During an appearance by Stuart Chaifetz on CNN’s Anderson Cooper 360, Cooper reads a statement by Kelly Altenberg’s attorney Joan E. Young denying  her involved in the incident.

Kelly Altenberg is a special education teacher who, over the past 23 years, has dedicated herself to teaching and consulting in the field of special education. Mrs. Altenberg does not condone any such remarks and this language was not used at her direction, in her presence or with her knowledge. Mr. Chaifetz’s remarks to the contrary are totally inaccurate.

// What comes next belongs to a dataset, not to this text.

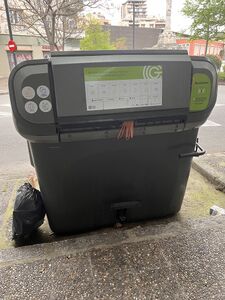 Main bin (grey) for throwing paper, plastic, glass, or general trash, depending on the day of the week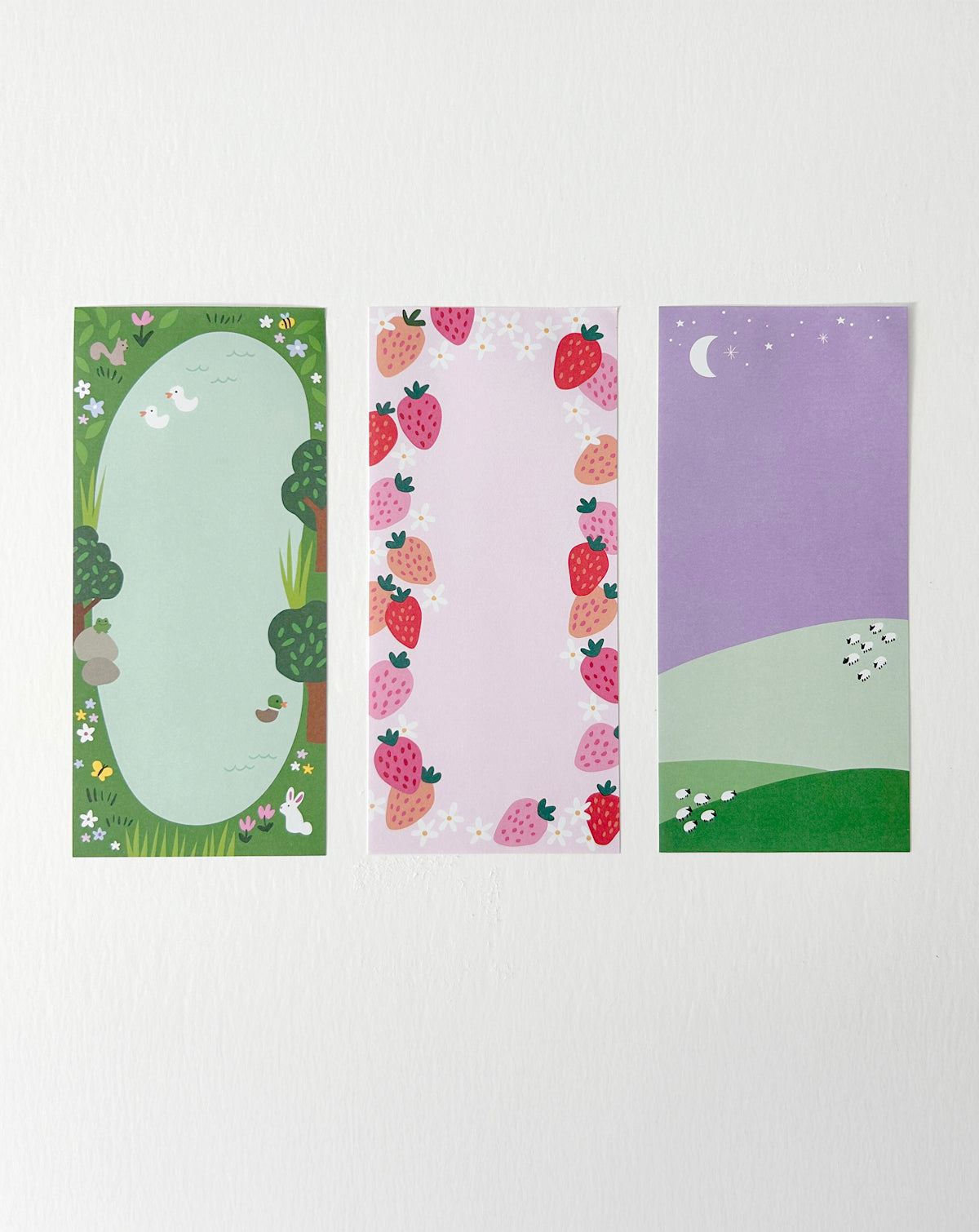 Notepad with three springtime-themed designs, shown with one sheet of each design laid out side by side.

Chaifetz says the audio speaks for itself challenged her denial and offered to play the entire 6 hour audio recording for anyone who asks. “That was her laughing. She wants to claim she wasn’t the one there…that’s laughable. I wish she had some integrity and just apologize. But if she wants to go on the attack that’s fine. I’m not a 10 year old boy who can’t defend himself.”

Chaifetz put a wire on his autistic 10 year old son Aiken after his normally calm behavior turned violent. The recording revealed teachers and aides bullying Aiken and discussing inappropriate subject matter in class. When Cherry Hill school officials did not meet Stuart’s demand that the teachers and aides involved be fired he went public with the recordings via a Facebook page and website.

Cherry Hill’s school superintendent said 3 teachers and aides were fired but Chaifetz offered proof in Board Of Education meeting minutes that Altenberg was transferred to a position at Cherry Hill High School West.


The New Jersey Education Association and Cherry Hill school officials, meanwhile, are offering different statements as to Altenberg’s status. The district, which first said their investigation into the February 17 incident was closed, now calls the investigation “ongoing” according to the Courier -Post. ““While we cannot legally comment specifically on personnel matters, the district does not consider the matter closed at this time,” said a statement from Superintendent Maureen Reusche and school board president Seth Klukoff.

The NJEA, however, is using the district’s earlier statement to show that Altenberg  “basically was exonerated” from being involved.

In a later interview with the Courier-Post, Wollmer noted Reusche has said the employees heard on Chaifetz’s recording are no longer with the district.

“Kelly Altenburg is still working with the district, so by implication she did not say those things,” said Wollmer. “She appears to have been exonerated from making those comments.”

The district has declined to identify workers involved in the Feb. 17 incident.